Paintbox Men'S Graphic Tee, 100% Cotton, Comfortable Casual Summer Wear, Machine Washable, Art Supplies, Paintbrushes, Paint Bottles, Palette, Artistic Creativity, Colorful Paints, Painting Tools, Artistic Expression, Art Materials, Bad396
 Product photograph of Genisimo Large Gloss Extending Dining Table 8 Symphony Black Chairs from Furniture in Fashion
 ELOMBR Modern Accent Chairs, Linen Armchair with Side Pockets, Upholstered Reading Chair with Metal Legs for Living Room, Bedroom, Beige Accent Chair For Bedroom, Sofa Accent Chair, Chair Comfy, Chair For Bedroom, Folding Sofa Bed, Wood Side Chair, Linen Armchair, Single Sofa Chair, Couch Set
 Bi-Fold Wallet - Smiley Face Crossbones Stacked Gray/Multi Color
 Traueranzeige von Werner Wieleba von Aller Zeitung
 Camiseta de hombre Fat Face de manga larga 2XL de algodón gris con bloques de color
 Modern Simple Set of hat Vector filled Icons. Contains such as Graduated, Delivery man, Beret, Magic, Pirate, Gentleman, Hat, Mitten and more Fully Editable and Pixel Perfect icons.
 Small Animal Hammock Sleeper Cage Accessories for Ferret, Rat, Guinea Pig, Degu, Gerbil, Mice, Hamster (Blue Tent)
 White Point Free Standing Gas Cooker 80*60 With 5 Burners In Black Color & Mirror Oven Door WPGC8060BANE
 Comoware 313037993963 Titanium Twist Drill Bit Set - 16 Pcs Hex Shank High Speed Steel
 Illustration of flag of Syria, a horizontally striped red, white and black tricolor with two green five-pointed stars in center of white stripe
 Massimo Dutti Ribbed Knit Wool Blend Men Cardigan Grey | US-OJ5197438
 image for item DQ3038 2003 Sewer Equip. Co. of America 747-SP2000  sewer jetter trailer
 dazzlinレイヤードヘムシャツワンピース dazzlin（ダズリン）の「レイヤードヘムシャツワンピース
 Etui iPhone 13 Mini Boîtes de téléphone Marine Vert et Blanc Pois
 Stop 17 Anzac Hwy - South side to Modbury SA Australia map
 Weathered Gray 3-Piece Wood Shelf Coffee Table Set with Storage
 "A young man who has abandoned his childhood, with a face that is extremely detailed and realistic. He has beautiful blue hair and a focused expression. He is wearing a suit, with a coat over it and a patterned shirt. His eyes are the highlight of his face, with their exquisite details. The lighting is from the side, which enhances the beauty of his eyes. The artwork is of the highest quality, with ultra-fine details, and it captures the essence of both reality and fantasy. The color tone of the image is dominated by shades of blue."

·····

A faithful copy is required of the lines from the one with "Comoware 313037993963 Titanium" through the last line of the data; please add nothing.

▸ OUTPUT BELOW:
 Comoware 313037993963 Titanium Twist Drill Bit Set - 16 Pcs Hex Shank High Speed Steel
 Illustration of flag of Syria, a horizontally striped red, white and black tricolor with two green five-pointed stars in center of white stripe
 Massimo Dutti Ribbed Knit Wool Blend Men Cardigan Grey | US-OJ5197438
 image for item DQ3038 2003 Sewer Equip. Co. of America 747-SP2000  sewer jetter trailer
 dazzlinレイヤードヘムシャツワンピース dazzlin（ダズリン）の「レイヤードヘムシャツワンピース
 Etui iPhone 13 Mini Boîtes de téléphone Marine Vert et Blanc Pois
 Stop 17 Anzac Hwy - South side to Modbury SA Australia map
 Weathered Gray 3-Piece Wood Shelf Coffee Table Set with Storage
 "A young man who has abandoned his childhood, with a face that is extremely detailed and realistic. He has beautiful blue hair and a focused expression. He is wearing a suit, with a coat over it and a patterned shirt. His eyes are the highlight of his face, with their exquisite details. The lighting is from the side, which enhances the beauty of his eyes. The artwork is of the highest quality, with ultra-fine details, and it captures the essence of both reality and fantasy. The color tone of the image is dominated by shades of blue."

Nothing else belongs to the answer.